Logo é de se lembra que a história da relação da privacidade das pessoas com o Estado é também a progressão da evolução do Estado e dos Direitos dos seus cidadãos, se antes a privacidade era apenas para classes mais favorecidas, nos tempos atuais ela tem o mesmo peso para qualquer cidadão, independentemente de sua classe social.
Se antes o sigilo, bancário e fiscal eram as referências da guarda do sigilo funcional, hoje com a lei Geral de Proteção dos dados, o corte que precisa ser feito é bem distinto, pois nenhum dado que não esteja previsto em lei por decorrência da atividade administrativa, de natureza vinculante pode ser compartilhado, sem motivação e sem a manifestação expressa do titular dos dados.
As novas tecnologias ampliaram a base de dados da administração, e logo o cuidado na gestão e governança deles é fundamental.

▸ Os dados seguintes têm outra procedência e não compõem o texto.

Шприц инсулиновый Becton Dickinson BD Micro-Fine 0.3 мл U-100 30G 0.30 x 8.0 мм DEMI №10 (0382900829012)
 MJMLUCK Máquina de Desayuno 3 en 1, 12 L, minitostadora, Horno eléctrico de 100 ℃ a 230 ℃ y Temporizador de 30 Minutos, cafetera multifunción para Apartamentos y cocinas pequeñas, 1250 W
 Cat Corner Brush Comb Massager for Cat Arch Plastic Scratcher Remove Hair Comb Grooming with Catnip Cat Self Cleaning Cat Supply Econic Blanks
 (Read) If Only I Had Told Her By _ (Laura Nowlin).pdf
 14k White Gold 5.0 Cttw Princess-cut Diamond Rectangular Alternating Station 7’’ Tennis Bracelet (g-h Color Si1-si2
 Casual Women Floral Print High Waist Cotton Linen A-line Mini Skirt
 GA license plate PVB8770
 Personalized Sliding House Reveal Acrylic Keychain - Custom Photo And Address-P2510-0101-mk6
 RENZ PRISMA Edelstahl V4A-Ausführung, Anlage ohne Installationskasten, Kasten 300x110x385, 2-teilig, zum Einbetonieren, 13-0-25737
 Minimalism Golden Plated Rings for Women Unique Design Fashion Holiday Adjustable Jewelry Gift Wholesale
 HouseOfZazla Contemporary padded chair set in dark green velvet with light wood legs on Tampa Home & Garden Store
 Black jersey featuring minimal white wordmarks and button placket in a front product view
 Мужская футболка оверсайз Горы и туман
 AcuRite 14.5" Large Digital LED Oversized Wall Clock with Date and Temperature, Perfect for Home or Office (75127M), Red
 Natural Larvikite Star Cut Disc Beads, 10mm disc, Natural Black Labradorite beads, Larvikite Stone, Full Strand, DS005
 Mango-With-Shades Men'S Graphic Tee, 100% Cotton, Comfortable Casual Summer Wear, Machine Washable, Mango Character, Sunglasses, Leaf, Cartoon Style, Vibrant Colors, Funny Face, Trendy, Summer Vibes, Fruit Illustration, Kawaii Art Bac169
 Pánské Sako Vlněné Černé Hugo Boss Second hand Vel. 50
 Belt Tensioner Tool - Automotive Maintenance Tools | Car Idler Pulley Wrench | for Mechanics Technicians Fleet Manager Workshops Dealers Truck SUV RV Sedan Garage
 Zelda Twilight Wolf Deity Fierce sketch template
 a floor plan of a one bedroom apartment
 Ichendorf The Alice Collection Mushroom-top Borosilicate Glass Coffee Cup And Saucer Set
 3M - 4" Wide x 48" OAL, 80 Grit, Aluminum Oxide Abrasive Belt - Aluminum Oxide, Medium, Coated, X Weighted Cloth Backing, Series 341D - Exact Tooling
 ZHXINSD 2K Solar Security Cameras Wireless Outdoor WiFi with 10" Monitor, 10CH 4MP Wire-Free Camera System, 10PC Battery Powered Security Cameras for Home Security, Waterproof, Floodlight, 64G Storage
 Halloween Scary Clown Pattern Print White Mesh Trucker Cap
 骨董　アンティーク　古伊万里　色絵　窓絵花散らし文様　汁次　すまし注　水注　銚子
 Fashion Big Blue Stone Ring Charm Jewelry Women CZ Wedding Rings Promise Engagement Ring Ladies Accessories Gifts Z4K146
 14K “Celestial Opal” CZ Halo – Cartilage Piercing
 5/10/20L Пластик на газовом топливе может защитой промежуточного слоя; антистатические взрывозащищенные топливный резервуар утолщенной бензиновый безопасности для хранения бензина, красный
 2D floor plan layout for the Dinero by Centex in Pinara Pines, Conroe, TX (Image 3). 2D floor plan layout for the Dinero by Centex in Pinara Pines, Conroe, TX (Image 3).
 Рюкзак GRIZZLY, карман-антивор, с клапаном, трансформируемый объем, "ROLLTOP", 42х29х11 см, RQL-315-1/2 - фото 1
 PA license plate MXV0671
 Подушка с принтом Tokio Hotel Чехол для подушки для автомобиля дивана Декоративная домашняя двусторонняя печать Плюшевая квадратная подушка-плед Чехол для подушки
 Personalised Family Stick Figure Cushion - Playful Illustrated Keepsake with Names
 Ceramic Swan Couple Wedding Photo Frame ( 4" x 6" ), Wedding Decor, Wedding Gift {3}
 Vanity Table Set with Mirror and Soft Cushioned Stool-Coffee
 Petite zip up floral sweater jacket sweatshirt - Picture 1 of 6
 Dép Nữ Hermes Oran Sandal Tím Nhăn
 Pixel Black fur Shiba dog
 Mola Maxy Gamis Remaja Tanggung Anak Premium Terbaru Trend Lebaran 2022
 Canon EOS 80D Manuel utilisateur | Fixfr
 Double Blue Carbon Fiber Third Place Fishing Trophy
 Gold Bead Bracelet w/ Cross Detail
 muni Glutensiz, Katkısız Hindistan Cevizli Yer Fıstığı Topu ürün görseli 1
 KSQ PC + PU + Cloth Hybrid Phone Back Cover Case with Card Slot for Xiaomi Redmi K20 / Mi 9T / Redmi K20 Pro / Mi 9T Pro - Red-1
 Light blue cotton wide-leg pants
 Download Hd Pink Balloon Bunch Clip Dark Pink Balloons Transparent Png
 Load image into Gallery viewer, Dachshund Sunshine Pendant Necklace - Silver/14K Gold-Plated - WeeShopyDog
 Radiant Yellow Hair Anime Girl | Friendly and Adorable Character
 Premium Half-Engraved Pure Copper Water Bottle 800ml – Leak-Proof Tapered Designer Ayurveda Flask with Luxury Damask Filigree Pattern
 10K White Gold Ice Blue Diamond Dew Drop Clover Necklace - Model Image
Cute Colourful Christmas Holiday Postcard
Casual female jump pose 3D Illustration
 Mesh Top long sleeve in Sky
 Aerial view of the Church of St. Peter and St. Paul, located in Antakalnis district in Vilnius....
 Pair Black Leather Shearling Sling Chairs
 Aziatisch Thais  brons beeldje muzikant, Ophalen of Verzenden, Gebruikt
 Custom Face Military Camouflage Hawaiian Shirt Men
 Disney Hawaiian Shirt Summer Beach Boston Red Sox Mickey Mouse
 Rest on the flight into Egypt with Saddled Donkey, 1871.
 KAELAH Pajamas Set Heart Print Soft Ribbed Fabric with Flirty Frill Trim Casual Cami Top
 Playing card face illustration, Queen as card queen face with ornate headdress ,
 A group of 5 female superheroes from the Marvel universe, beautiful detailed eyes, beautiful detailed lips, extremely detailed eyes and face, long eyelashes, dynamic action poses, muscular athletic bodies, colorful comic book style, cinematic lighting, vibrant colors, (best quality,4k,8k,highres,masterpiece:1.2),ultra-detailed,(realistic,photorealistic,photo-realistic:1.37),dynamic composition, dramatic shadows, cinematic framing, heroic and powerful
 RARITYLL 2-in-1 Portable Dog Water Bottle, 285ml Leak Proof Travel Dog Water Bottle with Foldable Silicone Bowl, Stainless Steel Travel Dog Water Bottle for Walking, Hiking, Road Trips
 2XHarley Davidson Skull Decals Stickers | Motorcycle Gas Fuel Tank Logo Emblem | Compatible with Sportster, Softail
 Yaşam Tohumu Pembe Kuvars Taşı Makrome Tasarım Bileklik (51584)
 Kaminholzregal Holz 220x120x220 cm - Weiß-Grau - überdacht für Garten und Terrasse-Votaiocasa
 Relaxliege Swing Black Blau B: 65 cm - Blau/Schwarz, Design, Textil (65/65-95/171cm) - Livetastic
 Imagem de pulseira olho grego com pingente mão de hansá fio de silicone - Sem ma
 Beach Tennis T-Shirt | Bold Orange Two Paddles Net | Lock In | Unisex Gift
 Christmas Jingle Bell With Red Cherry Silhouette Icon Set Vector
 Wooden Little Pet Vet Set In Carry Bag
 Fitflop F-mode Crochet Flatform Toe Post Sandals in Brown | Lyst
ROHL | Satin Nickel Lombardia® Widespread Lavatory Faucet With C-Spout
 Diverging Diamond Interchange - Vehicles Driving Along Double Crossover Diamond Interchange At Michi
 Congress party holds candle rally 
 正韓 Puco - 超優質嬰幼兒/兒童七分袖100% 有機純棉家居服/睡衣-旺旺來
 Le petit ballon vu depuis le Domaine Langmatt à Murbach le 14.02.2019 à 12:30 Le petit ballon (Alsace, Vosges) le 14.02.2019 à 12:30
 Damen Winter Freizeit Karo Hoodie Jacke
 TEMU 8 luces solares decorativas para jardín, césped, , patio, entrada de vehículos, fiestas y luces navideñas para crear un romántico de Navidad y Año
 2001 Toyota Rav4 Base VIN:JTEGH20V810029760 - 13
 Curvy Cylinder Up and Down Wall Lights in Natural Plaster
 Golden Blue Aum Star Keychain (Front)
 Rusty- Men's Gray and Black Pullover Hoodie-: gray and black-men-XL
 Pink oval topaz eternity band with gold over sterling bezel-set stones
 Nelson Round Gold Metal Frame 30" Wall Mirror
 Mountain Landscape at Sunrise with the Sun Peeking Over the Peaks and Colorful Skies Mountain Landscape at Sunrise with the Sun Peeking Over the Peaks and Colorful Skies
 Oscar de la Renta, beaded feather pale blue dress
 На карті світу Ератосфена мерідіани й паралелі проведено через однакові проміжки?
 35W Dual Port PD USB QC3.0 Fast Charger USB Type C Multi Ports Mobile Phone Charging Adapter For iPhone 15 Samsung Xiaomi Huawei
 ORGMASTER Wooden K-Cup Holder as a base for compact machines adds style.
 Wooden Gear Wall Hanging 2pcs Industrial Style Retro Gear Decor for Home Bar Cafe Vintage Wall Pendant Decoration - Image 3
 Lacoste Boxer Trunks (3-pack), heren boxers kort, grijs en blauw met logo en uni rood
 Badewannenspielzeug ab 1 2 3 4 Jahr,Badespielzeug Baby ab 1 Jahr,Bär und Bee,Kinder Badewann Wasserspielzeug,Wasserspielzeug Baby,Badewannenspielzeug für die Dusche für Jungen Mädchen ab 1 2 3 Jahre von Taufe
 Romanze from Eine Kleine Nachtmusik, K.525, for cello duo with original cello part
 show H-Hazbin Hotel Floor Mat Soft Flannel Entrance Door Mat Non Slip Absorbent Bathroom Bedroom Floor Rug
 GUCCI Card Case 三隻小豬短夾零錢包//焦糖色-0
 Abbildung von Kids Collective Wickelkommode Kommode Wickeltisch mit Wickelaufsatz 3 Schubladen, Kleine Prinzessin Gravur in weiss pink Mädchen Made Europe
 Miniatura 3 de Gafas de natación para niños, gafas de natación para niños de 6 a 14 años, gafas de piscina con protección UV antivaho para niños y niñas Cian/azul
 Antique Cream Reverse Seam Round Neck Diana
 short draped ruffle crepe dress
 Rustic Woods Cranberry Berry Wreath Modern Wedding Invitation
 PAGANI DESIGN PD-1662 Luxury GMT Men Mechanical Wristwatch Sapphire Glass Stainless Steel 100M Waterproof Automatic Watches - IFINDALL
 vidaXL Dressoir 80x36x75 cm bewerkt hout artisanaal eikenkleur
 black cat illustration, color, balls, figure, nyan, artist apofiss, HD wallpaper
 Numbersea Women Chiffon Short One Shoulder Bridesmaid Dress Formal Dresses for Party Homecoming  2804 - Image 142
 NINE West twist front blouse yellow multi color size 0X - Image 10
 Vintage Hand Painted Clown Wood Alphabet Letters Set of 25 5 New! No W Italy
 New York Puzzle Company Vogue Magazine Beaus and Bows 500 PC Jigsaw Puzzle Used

Questões novas surgem como a “interoperabilidade” que é a capacidade de diversos sistemas e organizações trabalharem em conjunto, de modo a garantir que pessoas, organizações e sistemas computacionais troquem dados. Considerando as diversas áreas da Administração é um desafio de eficiência e governança estabelecer como dividir sem comprometer a integridade desses dados na maioria das vezes de natureza sensível.
Na legislação já citada encontramos alguns dos principais conceitos tratados necessários ao estabelecimento da aplicabilidade da norma já no seu artigo 2º, que nos permitem identificar os dados sensíveis:
Art. 2º Para fins deste Decreto, considera-se:
I – atributos biográficos – dados de pessoa natural relativos aos fatos da sua vida, tais como nome civil ou social, data de nascimento, filiação, naturalidade, nacionalidade, sexo, estado civil, grupo familiar, endereço e vínculos empregatícios;
II – atributos biométricos – características biológicas e comportamentais mensuráveis da pessoa natural que podem ser coletadas para reconhecimento automatizado, tais como a palma da mão, as digitais dos dedos, a retina ou a íris dos olhos, o formato da face, a voz e a maneira de andar;
III – dados cadastrais – informações identificadoras perante os cadastros de órgãos públicos, tais como:
a) os atributos biográficos;
b) o número de inscrição no Cadastro de Pessoas Físicas – CPF;
c) o número de inscrição no Cadastro Nacional de Pessoas Jurídicas – CNPJ;
d) o Número de Identificação Social – NIS;
e) o número de inscrição no Programa de Integracao Social – PIS;
f) o número de inscrição no Programa de Formacao do Patrimonio do Servidor Público – Pasep;
g) o número do Título de Eleitor;
h) a razão social, o nome fantasia e a data de constituição da pessoa jurídica, o tipo societário, a composição societária atual e histórica e a Classificação Nacional de Atividades Econômicas – CNAE; e
i) outros dados públicos relativos à pessoa jurídica ou à empresa individual;
Todos os dados acima citados são sensíveis diante da LGPD, e devem ser considerados na interoperabilidade e compartilhamento dessas bases, sem o consentimento da pessoa.
É uma regulamentação extensa e aqui traçamos apenas algumas linhas iniciais, pois o que deve ser destacado é que o direito de manter o controle das próprias informações e de determinar livremente como construir a própria esfera privada pertence ao titular dos dados e que a construção da cidadania se dá com essa linha clara entre o interesse público previsto em lei e o titular dos dados sensíveis, onde a mera vontade do administrador pode muitas vezes ultrapassar a linha entre o privado protegido pela lei e o dado efetivamente necessário.